Jamie Lloyd’s contemporary update of Doctor Faustus starts out on fairly familiar ground. Kit Harington’s sweaty-palmed scholar consults his necromantic Macbook and makes his fateful blood pact, but then it takes a detour. This is because Lloyd’s using Colin Teevan’s recent adaptation of the text for the West Yorkshire Playhouse, which dispenses with the middle section and splices in new scenes.
Here the good doctor’s mastery of the dark arts leads him to become world-famous magician, a kind of Bieber-Christ figure with a dusting of Derren Brown who consorts with popes and presidents. Lucifer is a Glaswegian in a stained vest; Mephistopheles an androgynous trickster-cum-tour manager; his diabolical attendants and familiars are now groupies, a pack of gawping white walkers with Harington’s face emblazoned on their chests. Celebrity culture here walks hand in hand with Beelzebub.
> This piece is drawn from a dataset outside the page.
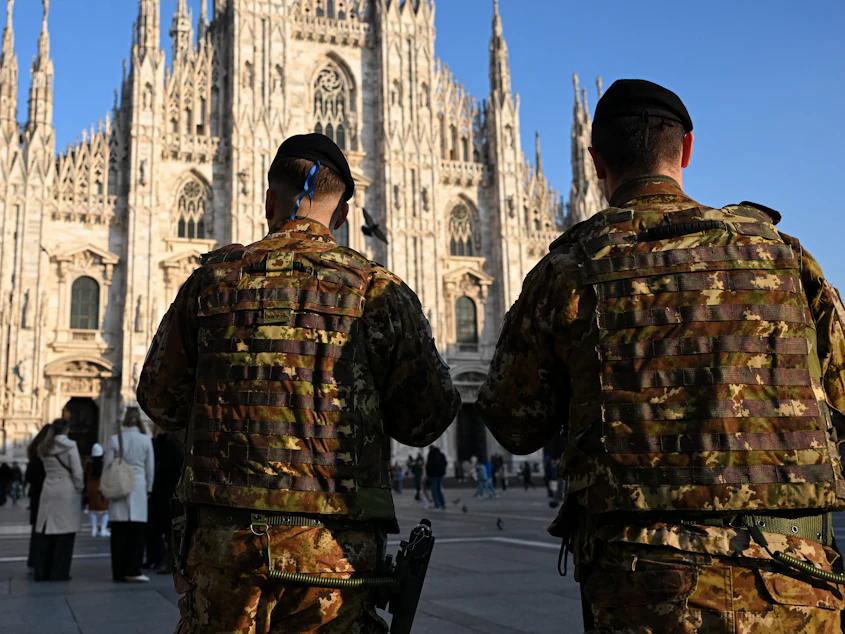 Security Check at the Piazza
By all things holy, this is a very busy production; it’s cacophonous and fidgety, occasionally ingenious, often absurd. It never shuts up. There are comedy schlongs and canned laughter. There are gags about David Cameron (there are also actual gags of the bondage variety). There is an awful lot of bodily fluids: blood, spittle, spatter. Mouths froth. Wounds ooze. Amid all this Harington is nothing if not game. He drools and moons. He spends a lot of time on stage in just his pants. Jenna Russell’s Mephistopheles feels slightly under-utilised in comparison until a demonic second act karaoke session. Forbes Masson is as menacing as a man can be in a pair of grubby y-fronts.
Lloyd’s visual sense remains impeccable. He’s a master of composition, his tableaux referencing everything from Hieronymus Bosch to Brian de Palma, with a few by now obligatory nods to Japanese horror, while Soutra Gilmour’s murky design presents us not just with hell’s kitchen but hell’s khazi too.
This is the Jamie Lloyd Company’s first foray beyond the Trafalgar Studios and it feels slightly cruder than his work there. But while his West End productions might not be transcendent, they are incredibly savvy and never, ever dull. He’s making smart choices, in terms of casting and programming, and in doing so he’s making theatre that’s accessible and appealing. A shame that once again the production features the brutal violation of a woman – it might be intended to show how far Faustus has fallen, but it’s an ugly trope.
While the production sometimes strains to make Marlowe’s own riff on the medieval morality play relevant, it’s definitely going to get people talking. Half-hellmouth, half-klaxon, this is attention-grabbing theatre, and you have to admire the chutzpah of opening this show on the same night season six of Game of Thrones – in which Harington plays dashing, taciturn bastard Jon Snow – premieres in the UK. If half of that energy and sense of excitement can translate to theatre, then (blood-spattered) hats off to him.